Delaware Supreme Court to hear BeachWalk case

Developer seeks to redevelop Forgotten Mile mall with 63 units
May 22, 2022

The Delaware Supreme Court is set to hear oral arguments in a long-running legal dispute between the City of Rehoboth Beach and the developer of the proposed BeachWalk project.

Arguments will be heard at 10 a.m., Wednesday, July 20, in Dover as owner/developer Keith Monigle seeks to overturn the Delaware Court of Chancery’s ruling that a Rehoboth ordinance mandating one building on one lot applied to BeachWalk, a proposed 63-unit housing development to be built at the 7.75-acre site of the Rehoboth Beach Plaza shopping center. 

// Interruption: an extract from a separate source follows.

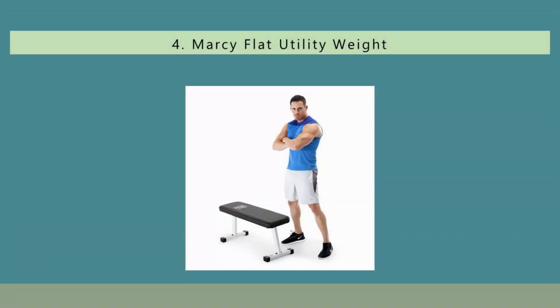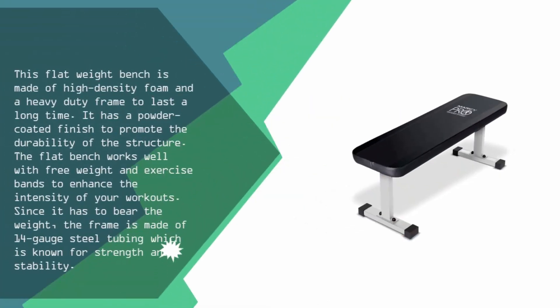At number 4, this flat weight bench is made of high-density foam and a heavy-duty frame to last a long time. It has a powder-coated finish to promote the durability of the structure. The flat bench works well with free weights and exercise bands to enhance the intensity of your workouts. The frame is made of 14-gauge steel tubing, which is known for strength and stability.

Monigle’s attorney, Richard Forsten, said in legal briefings filed with the Supreme Court that the case “represents an existential moment for property owners and property rights in Delaware.”

Forsten is asking the Supreme Court to reverse the Chancery Court’s decision because it is based on legal error.

At issue is whether Monigle relied on statements from city officials to make his decision to develop BeachWalk as a condominium project instead of as a subdivision, and whether the city can enforce an ordinance enacted after BeachWalk’s plans had been submitted to Rehoboth building and licensing. 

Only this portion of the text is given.